Representando a União Brasileira de Mulheres (UBM) e um fórum de entidades pelo fim da violência de gênero, Silvana entregou ao ministro um documento com propostas de prevenção e um exemplar do gibi Lei Maria da Penha na Escola, ferramenta pedagógica contra o machismo e o racismo.
Em um forte pronunciamento na tribuna, a diretora deu visibilidade aos alarmantes índices de violência de gênero no Rio Grande do Sul e criticou duramente a postura do governo estadual.

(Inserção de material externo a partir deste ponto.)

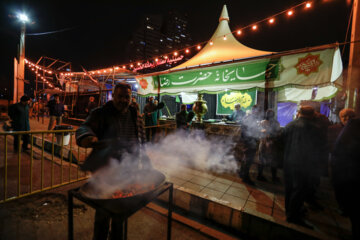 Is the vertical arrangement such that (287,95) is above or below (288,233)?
above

“O feminicídio é a expressão mais brutal do patriarcado. Não surge do nada. É resultado de uma cultura que naturaliza a violência”, destacou Silvana. “Em menos de seis meses, mais de quarenta mulheres foram assassinadas no RS. As maiores vítimas são as mulheres negras, expressão da articulação entre patriarcado, racismo e desigualdades.”
Silvana cobrou a responsabilidade do governador Eduardo Leite frente à crise de segurança que afeta as gaúchas:
“É inadmissível que o Governo do Estado ainda não tenha aderido ao Pacto Nacional de Prevenção aos Feminicídios, do Governo Federal. A não adesão representa uma grave omissão diante da realidade vivida pelas mulheres gaúchas. Enquanto mulheres seguem sendo assassinadas, o RS permanece fora de uma das mais importantes estratégias nacionais.”
A dirigente concluiu reafirmando que o combate à violência exige investimento público, autonomia econômica para as mulheres e o fortalecimento da educação nas escolas: “A prevenção salva vidas”, finalizou.